Funny story, though. So, I’m on this path to fashion brilliance and I picked out what I considered a pretty cute outfit; (very thick) skinny jeans, a satin ruffle shirt, a cardigan, and 5″ wedges. We went to church first and then straight to bring the oldest to camp (3 hour drive).
Mind you, we are in record setting heat and I am dressed like it is October. I really painted myself in a corner wearing the satin shirt, because since it had tiny little straps, I couldn’t very well take the cardigan off at church camp. None of these things occurred to me, though. Hey, why listen to common sense when you can look cute?

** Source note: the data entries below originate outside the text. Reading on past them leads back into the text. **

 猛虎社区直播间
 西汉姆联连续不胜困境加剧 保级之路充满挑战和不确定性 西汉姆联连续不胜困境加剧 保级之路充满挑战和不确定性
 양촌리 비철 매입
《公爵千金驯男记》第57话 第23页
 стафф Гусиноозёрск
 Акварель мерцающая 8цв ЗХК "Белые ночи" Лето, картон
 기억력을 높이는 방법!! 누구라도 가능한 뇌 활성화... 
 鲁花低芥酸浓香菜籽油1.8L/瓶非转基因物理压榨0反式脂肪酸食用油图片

So we arrive at the camp and I kid you not, it is 108 degrees according to the dashboard. And that wasn’t sitting in the sun, that was driving down the road. It was sweltering. The car ride down was fine, but we stepped out of the car and it was like hitting a brick wall. It was impossibly heavy with humidity, and I started to sweat immediately. I take my wedges off to put on the flats that I’d brought, only to realize that I left ONE of them at home in a moment of brilliance. I dig through the trunk and I have ONE yellow flip flop and six pairs of heels. Well…crap. I threw on my Nine West heeled sandals (3″ heel, one strap around the ankle and a tiny strap over the toes) and trenched through the woods. Still sweltering, I was then mumbling to myself because it had occurred to me that I was one of “those women”.

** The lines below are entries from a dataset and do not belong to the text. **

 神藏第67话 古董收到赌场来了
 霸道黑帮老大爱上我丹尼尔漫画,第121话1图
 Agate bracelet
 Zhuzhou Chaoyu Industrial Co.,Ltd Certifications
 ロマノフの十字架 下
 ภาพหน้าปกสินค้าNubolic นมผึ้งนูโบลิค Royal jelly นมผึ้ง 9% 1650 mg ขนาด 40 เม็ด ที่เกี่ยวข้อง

You know them. The ones that wear completely ridiculous, inappropriate outfits just to look cute? *sigh*
It began to occur to me how THICK these skinny jeans were. Impossibly so, and SKIN tight. I kept that stupid cardigan on out of respect for the church camp, meanwhile cursing my idiocy and avoiding eye contact with Hubbin, who I was positive was laughing from the inside. After trenching through the woods (in heels, with a stroller), we got to her cabin. Not air-conditioned. I nearly collapsed. I’m unfolding the sleeping blanket and I ripped my heels off. I got her all set up, only to whimper when I looked at my shoes. I had a blister on the top of my foot and I did NOT want to put them back in the heels. They clasped at the ankle and in a moment of rebellion, I shoved my feet in without undoing the clasp.

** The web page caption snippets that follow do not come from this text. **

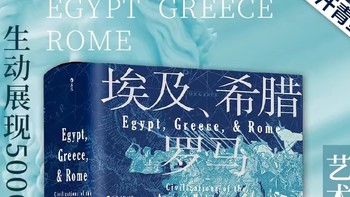 《埃及、希腊、罗马：古代地中海文明》——探寻文明之源，解读历史之谜 📚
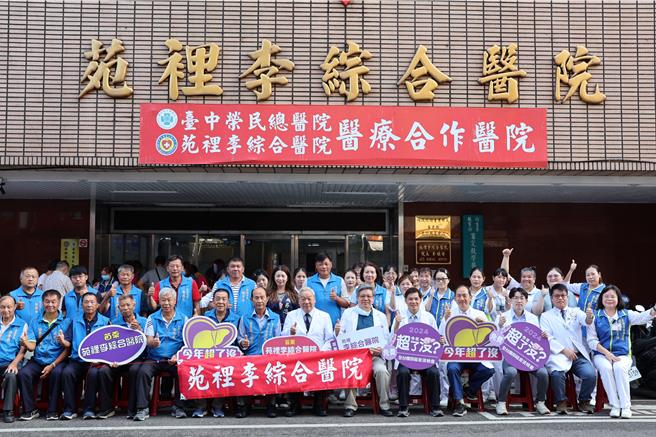 苑里李综合医院响应全岛一肝腹部超音波活动。（院方提供／李京升苗栗传真）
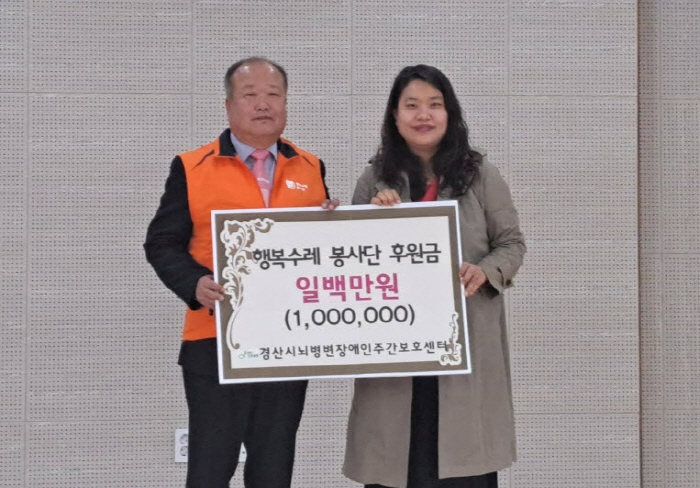 행복수레봉사단, 제2대 박순오 회장 취임
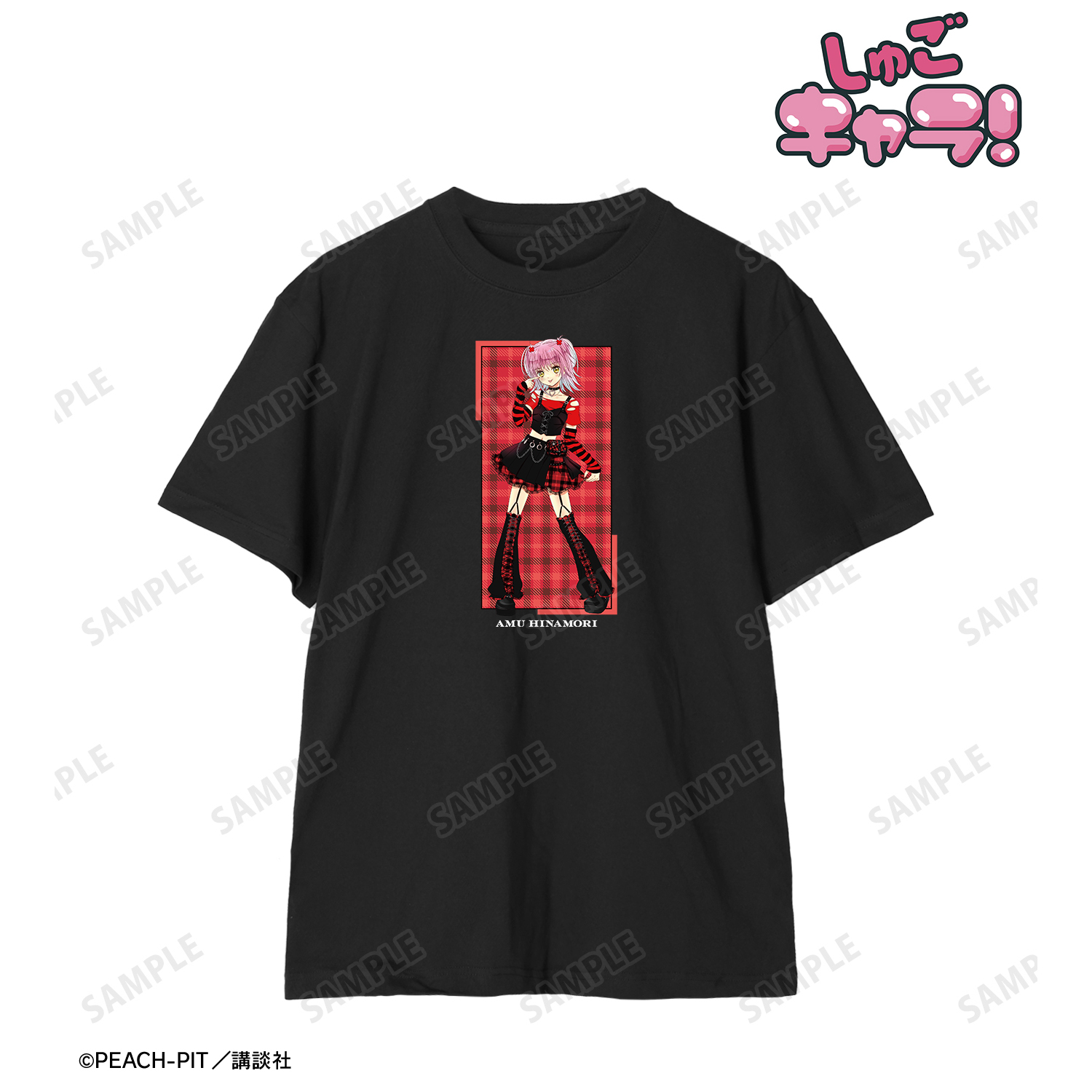 しゅごキャラ！_(サイズ/XL)_PEACH-PIT先生 描き下ろし 日奈森あむ ゴスパンクver. Tシャツレディース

SNAP. (The shoe, not me. That’s later.)
You. Are. Kidding. So, now I’m walking through the woods BAREFOOT (there’s no way to keep the shoe on at this point), with the stroller in 108 degree heat, dressed like a cool fall day. I thought back through my life and remembered the college days, and all the things I’ve done, and realized that if I were going to hell, it surely wouldn’t be from visible bra straps. I finally ripped off the cardigan before realizing the satin was COMPLETELY drenched. I didn’t care. I ran to the car and let Hubbin pack everything back up, put the stroller away, and run the forgotten sunblock back to the cabin while I soaked up the air conditioning.
So there is your laugh of the day at my expense!